◆ Short web captions ◆
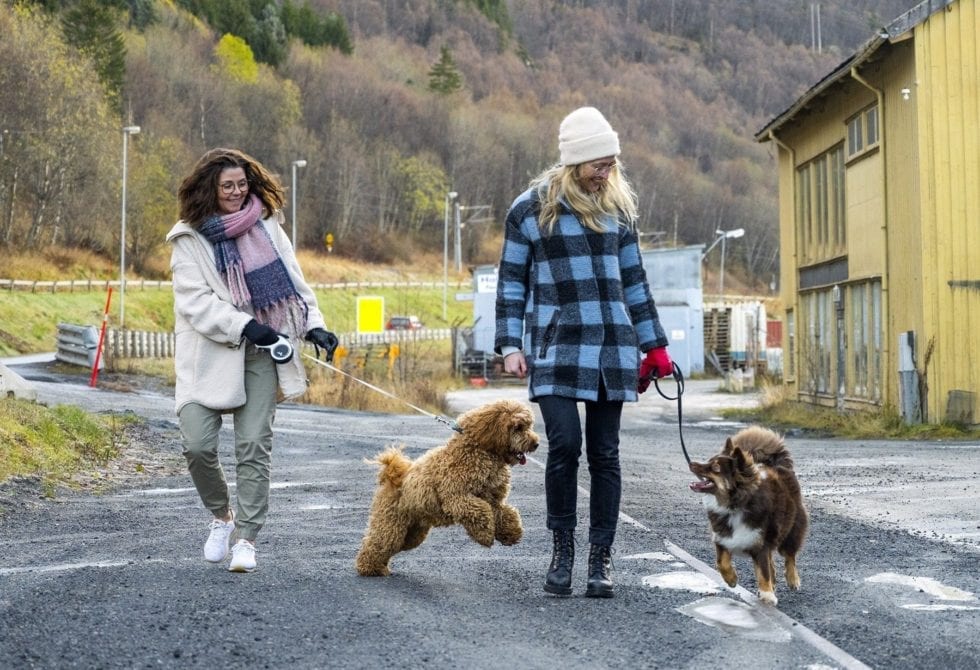 Bilde av to damer som går tur med hundene sine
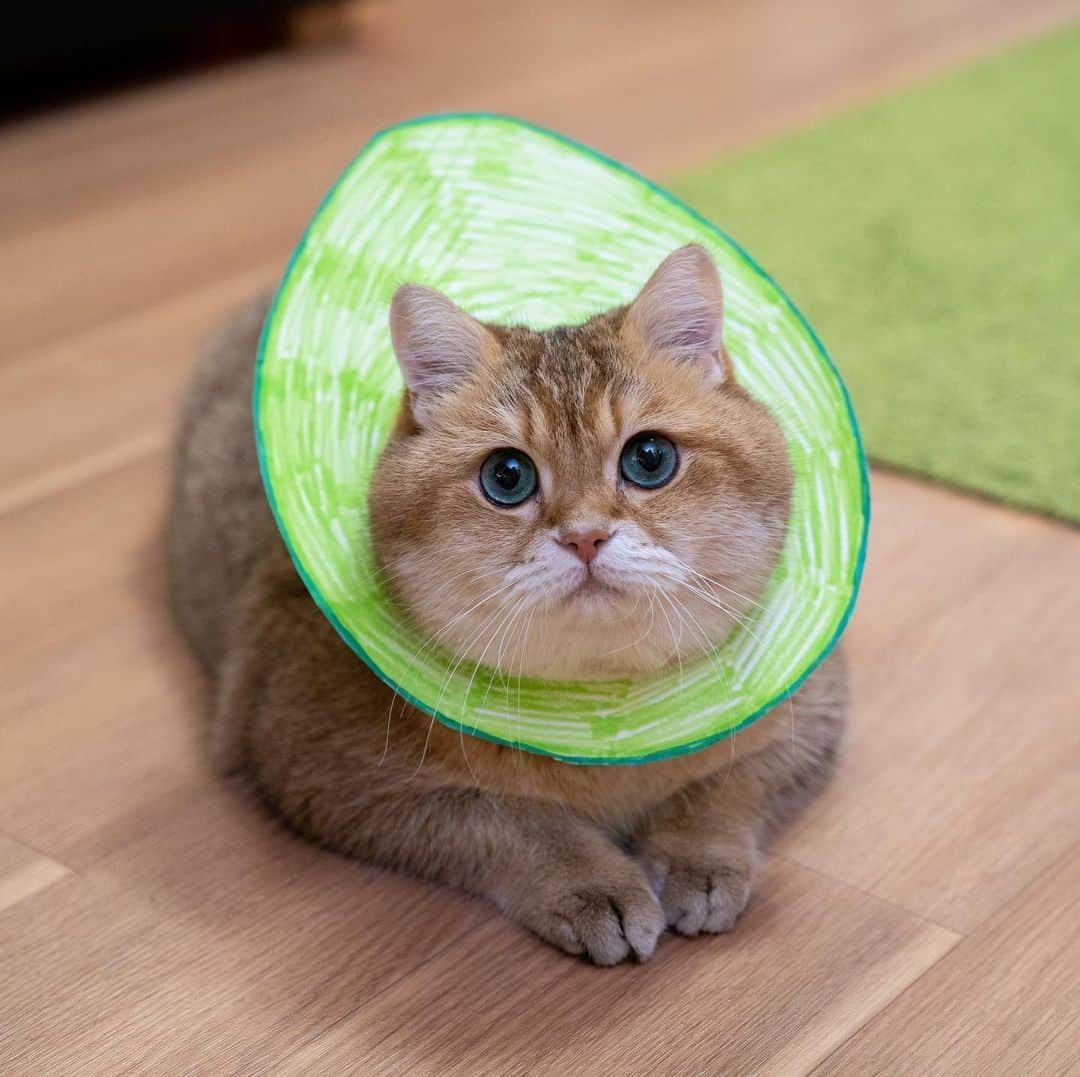 Hosicoさんのインスタグラム写真 - (HosicoInstagram)「Cute avocado 🥑」3月27日 18時24分 - hosico_cat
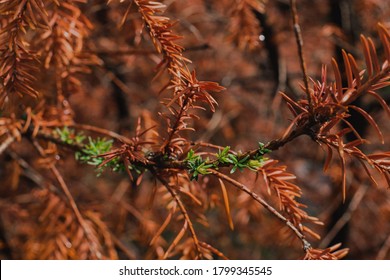 Close Up Of A Dry Pine Tree With A Drop Of Water. Autumn Background. New Green Needles. Rebirth Of Nature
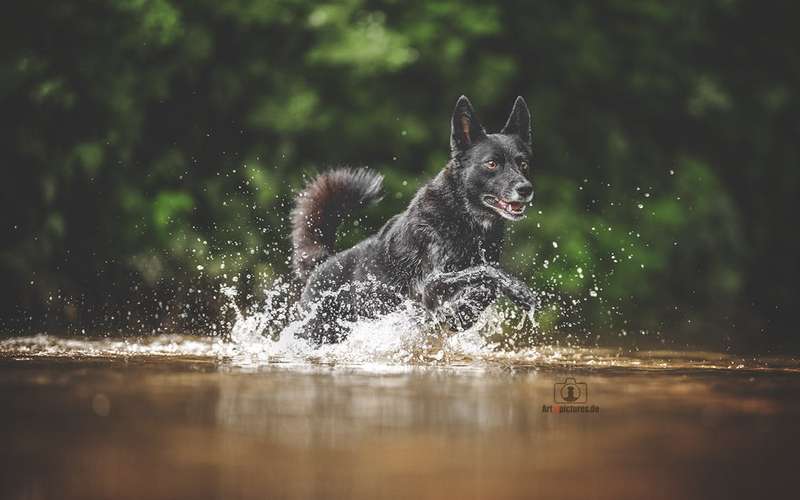 Hundeauslaufgebiet-Art of Pictures-Bild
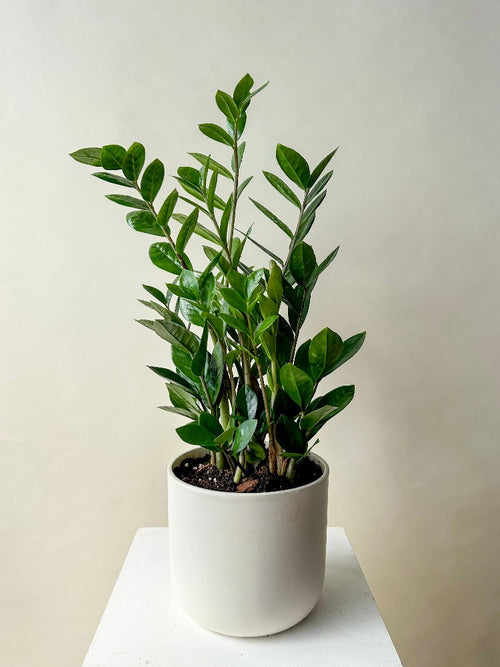 Vancouver Plants - Vancouver Plant Delivery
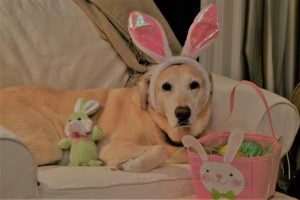 cute pet sitting on a chair wearing her Easter bunny ears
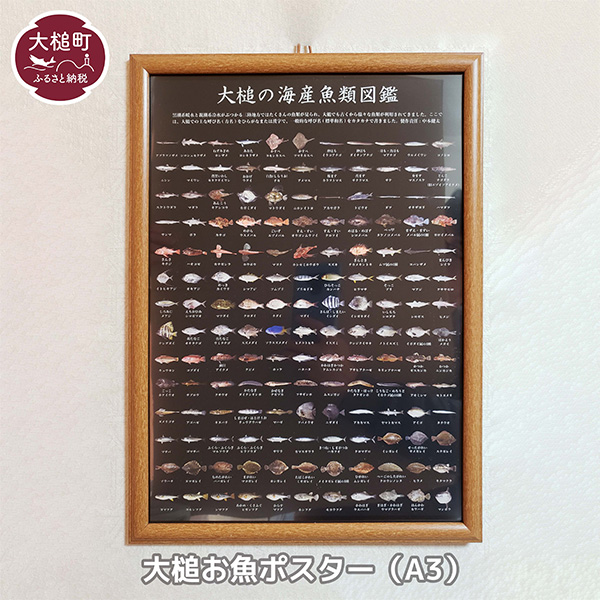 大槌お魚ポスター (A3サイズ)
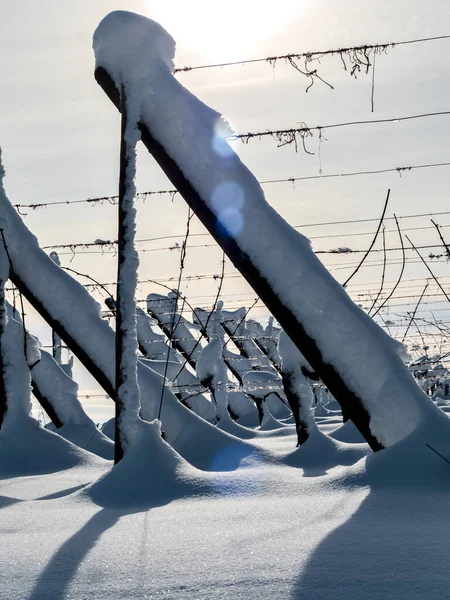 Alsace Vineyards Heavy Snow Sunny Winter Day Details Top View — Stockfoto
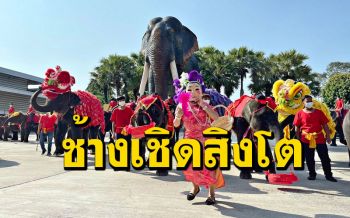 \'ช้างแสนรู้\' เชิดสิงโตรับเทศกาลตรุษจีนสุดยิ่งใหญ่ สร้างสีสันให้นักท่องเที่ยว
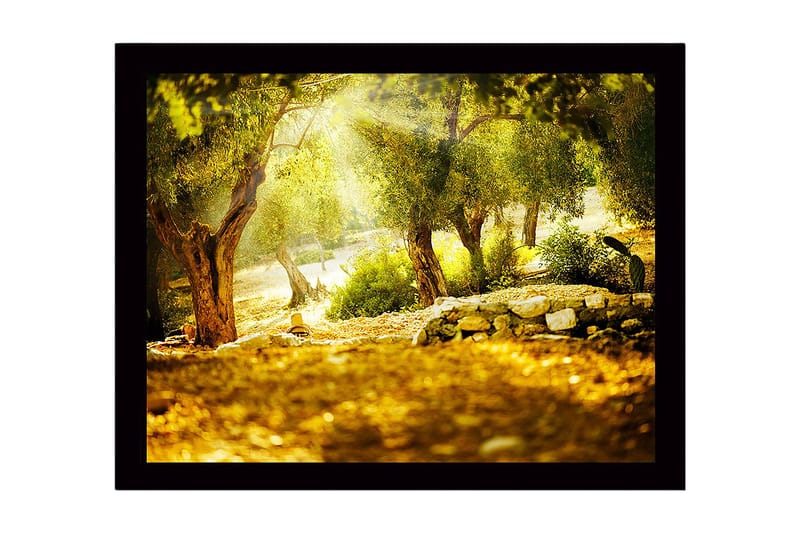 Innrammet lerretsbilde i tre - 41x56 cm - Solbelyst skog med oliventrær, Grønn / Gull / Brun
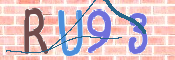 CAPTCHA (Şahıs Denetim Kodu) Resmi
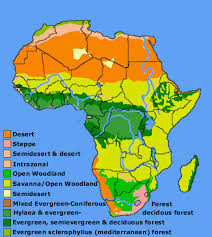 The map was created by collapsing the 129 distinct. Quotes About Vegetation 55 Quotes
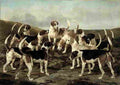 osbw The Hounds from York and Ainsty Kennels Art A4 Photo Print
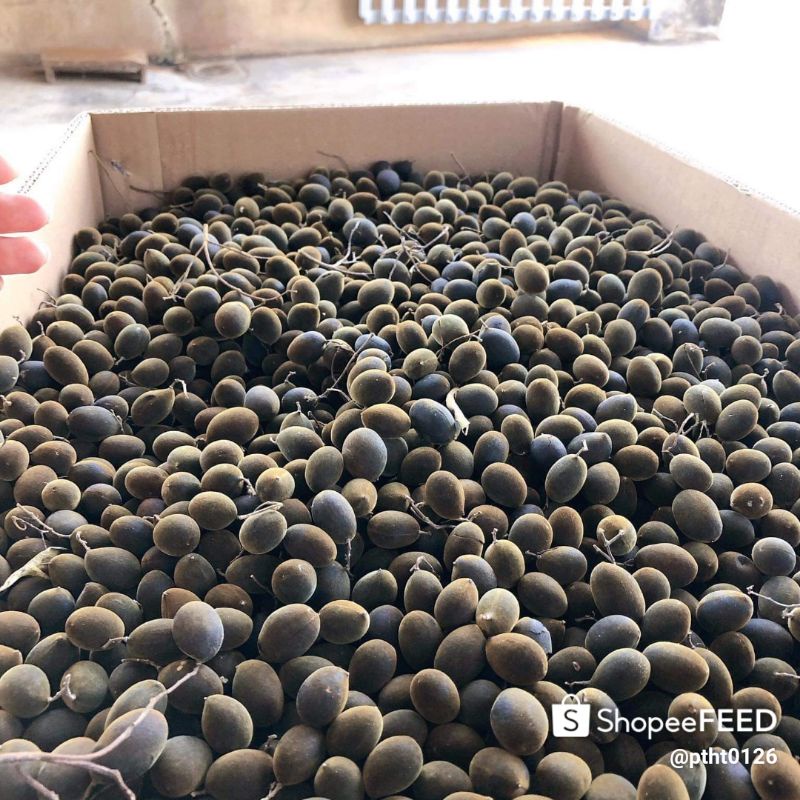 Say rừng gia lai 500gam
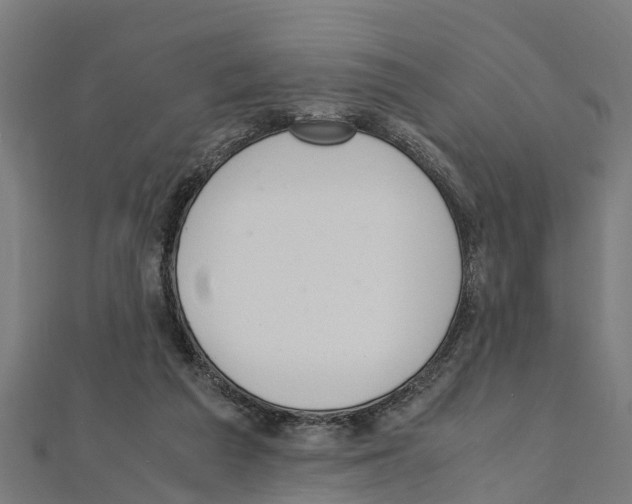 X0000111250209200907301333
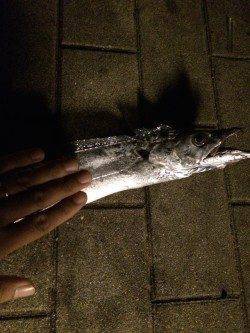 南港周辺　ウキ釣りでタチウオ釣行〜かなり渋かったです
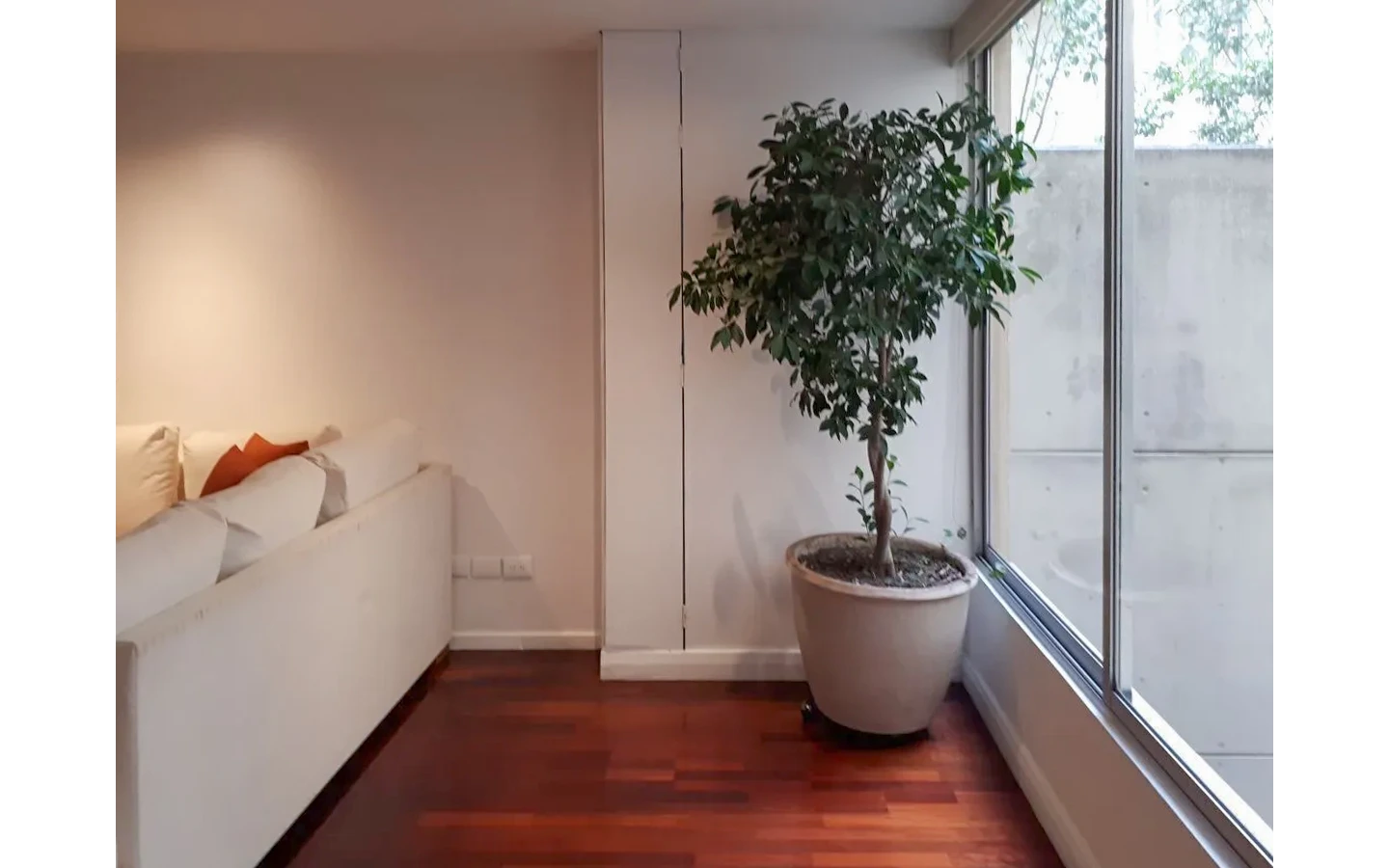 Departamento en renta en Polanco Mazaryk - Niddum Inmobiliaria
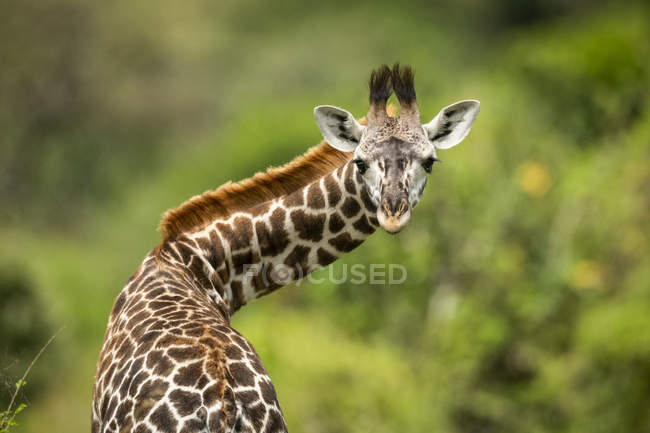 Scenic view of beautiful giraffe at wild life — Stock Photo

◆ Assigned task ◆
Print the stretch of the data from the line with "CAPTCHA (Şahıs Denetim Kodu) Resmi" through its last line, exactly and with both ends kept. Omit pictures.

◆ Answer section ◆
 CAPTCHA (Şahıs Denetim Kodu) Resmi
 The map was created by collapsing the 129 distinct. Quotes About Vegetation 55 Quotes
 osbw The Hounds from York and Ainsty Kennels Art A4 Photo Print
 Say rừng gia lai 500gam
 X0000111250209200907301333
 南港周辺　ウキ釣りでタチウオ釣行〜かなり渋かったです
 Departamento en renta en Polanco Mazaryk - Niddum Inmobiliaria
 Scenic view of beautiful giraffe at wild life — Stock Photo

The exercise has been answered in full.